Abstract
Background:
The choice of SpO2 target significantly influences oxygen utilization. It was recently shown that oximeter brand influenced the SpO2 measurements, with differences between oximeters of up to 4%. The objectives of the study were to evaluate the impact of the combination of SpO2 target and oximeter brand on O2 utilization, O2 weaning, high O2 flow requirements, occult hypoxemia and occult hyperoxemia.
Methods:
We have conducted a randomized cross-over study in 20 stable ICU patients requiring oxygen therapy delivered through nasal canula after cardiac surgery. Patients without adequate SpO2 signal were excluded. Four randomized periods of 10 min were conducted in all patients with different SpO2 targets (90 and 94%) and different oximeters (Nonin and Philips). For each period we collected the oxygen flow and oxygen blood gases at the end of the period. We compared the O2 flow, the rate of occult hypoxemia (SaO2 below 90% with SpO2 ≥ 90%) and occult hyperoxemia (SaO2 above 96% with SpO2 ≤ 96%), O2 partial weaning (below 0.5 L/min) or complete weaning and the rate of high O2 flow requirements (above 5 L/min).
Results:
20 patients were studied (mean age 68 ± 8 years, 16 were men, all had light skin pigmentation (Fitzpatrick skin scale 1 or 2) reflecting our local population, none had shock). At baseline, SpO2 was 93.4 ± 1.8% and oxygen flow was 2.1 ± 1.4 L/min. O2 flow requirements and oxygenation parameters in the different study periods are displayed in the Figure 1. Differences in mean O2 flow during monitoring with the Nonin with an SpO2 target of 90% and Philips with an SpO2 target of 94% were not statistically different (P = .74). However, all other comparisons for the O2 flow were statistically different. The rate of complete O2 weaning was 55% in the Philips 90% period and 0 to 5% in other periods. Oxygenation parameters (SaO2, PaO2) were similar during Nonin 90% and Philips 94%. Conversely, there were statistically significant differences for oxygenation parameters and for other comparisons.
Conclusions:
In patients requiring conventional oxygen therapy, the SpO2 target, the oximeter brand and even more the combination of both have major impact on O2 utilization, O2 weaning and both occult hypoxemia and hyperoxemia. Patients managed with Nonin with SpO2 target of 90% and Philips with SpO2 target of 94% had similar O2 flow and similar arterial oxygenation parameters. These data underline the necessity to use corrected SpO2 targets rather than universal SpO2 targets to manage O2 therapy.

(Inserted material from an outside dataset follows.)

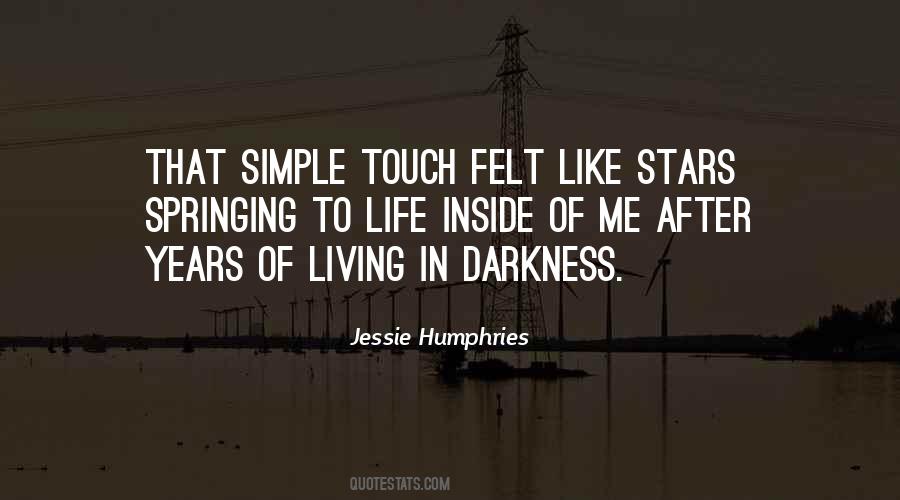 Quotes About Living In Darkness #1644942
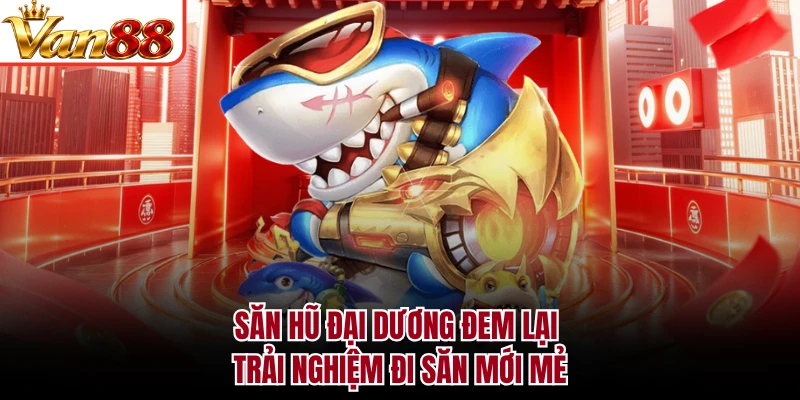 Săn hũ đại dương đem lại trải nghiệm đi săn mới mẻ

Mean oxygen flow utilization in the different study conditions comparing two SpO2 targets (90 and 94%) and two oximeters brand (Philips and Nonin): Philips 90, Nonin 90, Philips 94, and Nonin 94. SpO2 targets of 90% are represented with hatched bars while SpO2 targets of 94% are represented with plain bars. Nonin conditions are represented with blue bars while Philips conditions are represented with light orange bars. Oxygen Ratio were 1.2 (Philips 94/Nonin 90), 4.0 (Nonin90/Philips90), 3.0 (Nonin94/Philips94), 3.6 (Nonin94/Nonin90), 4.7 (Philips94/Philips90) and 14.1 (Nonin94/Philips90).